Segment Start: Input data

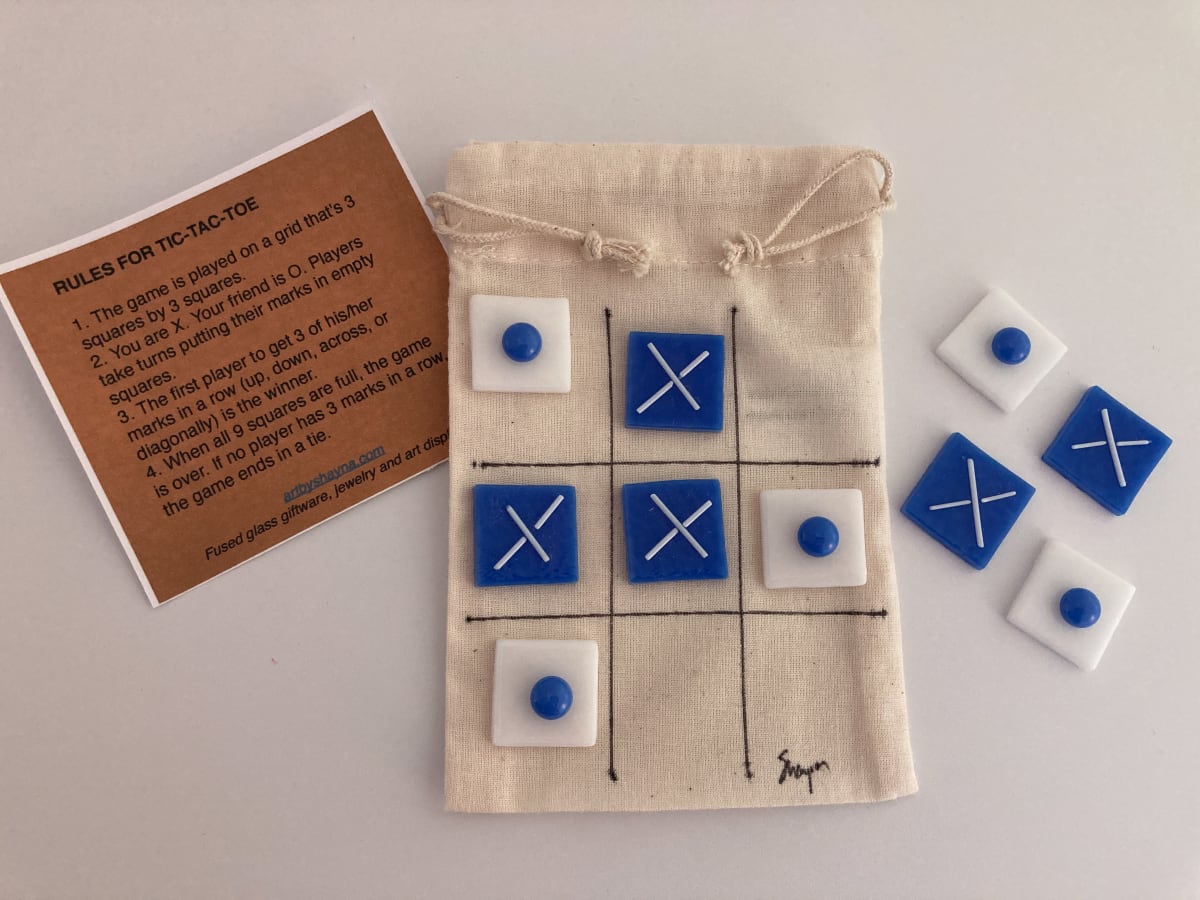 Tic Tac Toe in-a-bag #3 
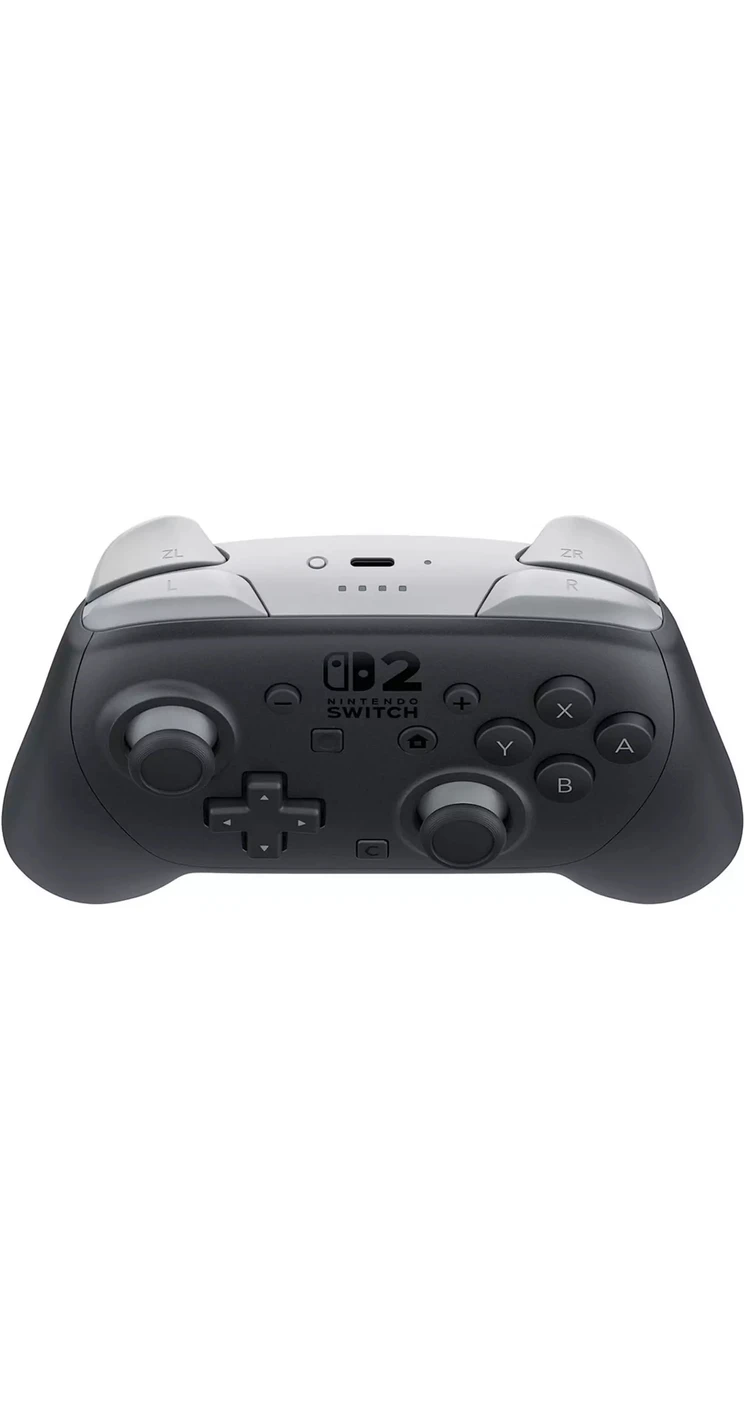 Resim Nintendo Switch 2 Pro Controller 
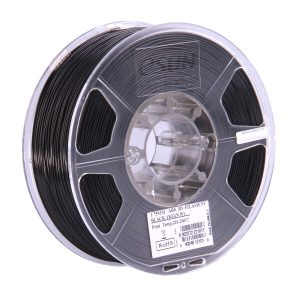 Пластиковая нить ESUN ABS 1.75 мм black
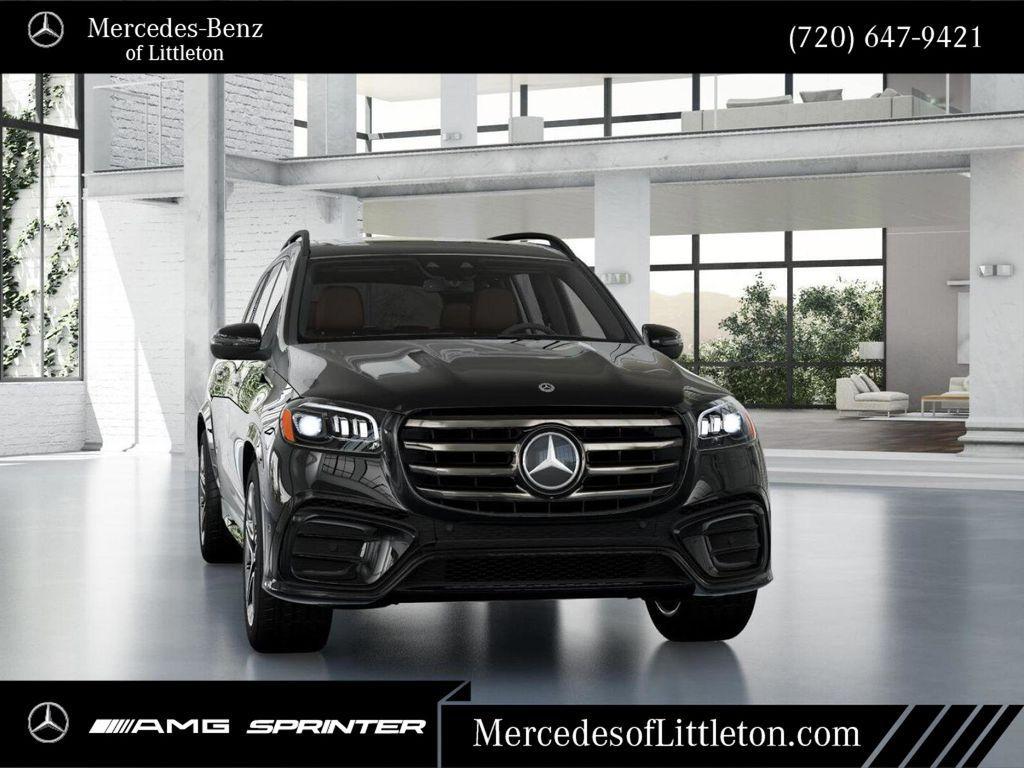new 2025 Mercedes-Benz GLS 450 car, priced at $97,860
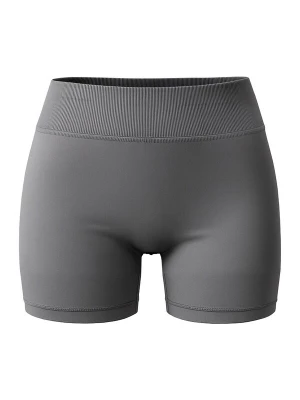 Foto van product Stark Soul Sportbroek 'Scrunch' grijs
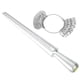 thumbnail image 3 of Juego De Herramientas De Medición De Joyería, Mandril De Anillo, Medidor De Dedo, Herramienta De Joyería Fácil De Usar Para Dimensionamiento Preciso Con Indicador De Tamaño, 3 of 7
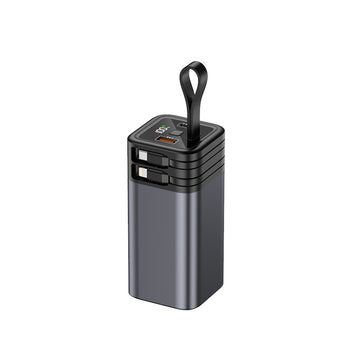 PBK80 22.5W Power Bank 20000mAh with LED Light - Divvow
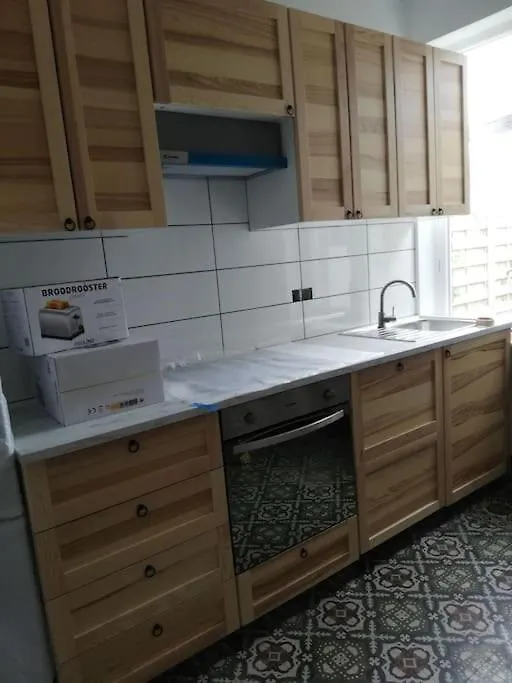 Maison Avec Jardin Proche Mer Villa Middelkerke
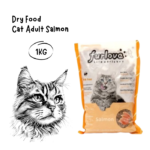 FURLOVE Cat Adult Salmon Freshpack - 1KG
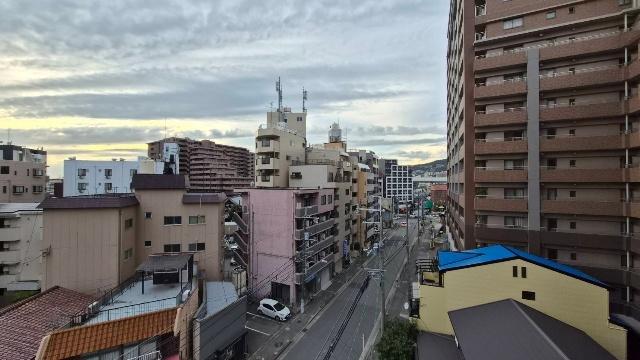 サーパス池田駅前（501） 眺望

Segment End: Input data

▶ [What you will do] Return every entry word for word, but drop any pictures.

▶ [Written answer]
 Tic Tac Toe in-a-bag #3 
 Resim Nintendo Switch 2 Pro Controller 
 Пластиковая нить ESUN ABS 1.75 мм black
new 2025 Mercedes-Benz GLS 450 car, priced at $97,860
 Foto van product Stark Soul Sportbroek 'Scrunch' grijs
 thumbnail image 3 of Juego De Herramientas De Medición De Joyería, Mandril De Anillo, Medidor De Dedo, Herramienta De Joyería Fácil De Usar Para Dimensionamiento Preciso Con Indicador De Tamaño, 3 of 7
 PBK80 22.5W Power Bank 20000mAh with LED Light - Divvow
 Maison Avec Jardin Proche Mer Villa Middelkerke
 FURLOVE Cat Adult Salmon Freshpack - 1KG
 サーパス池田駅前（501） 眺望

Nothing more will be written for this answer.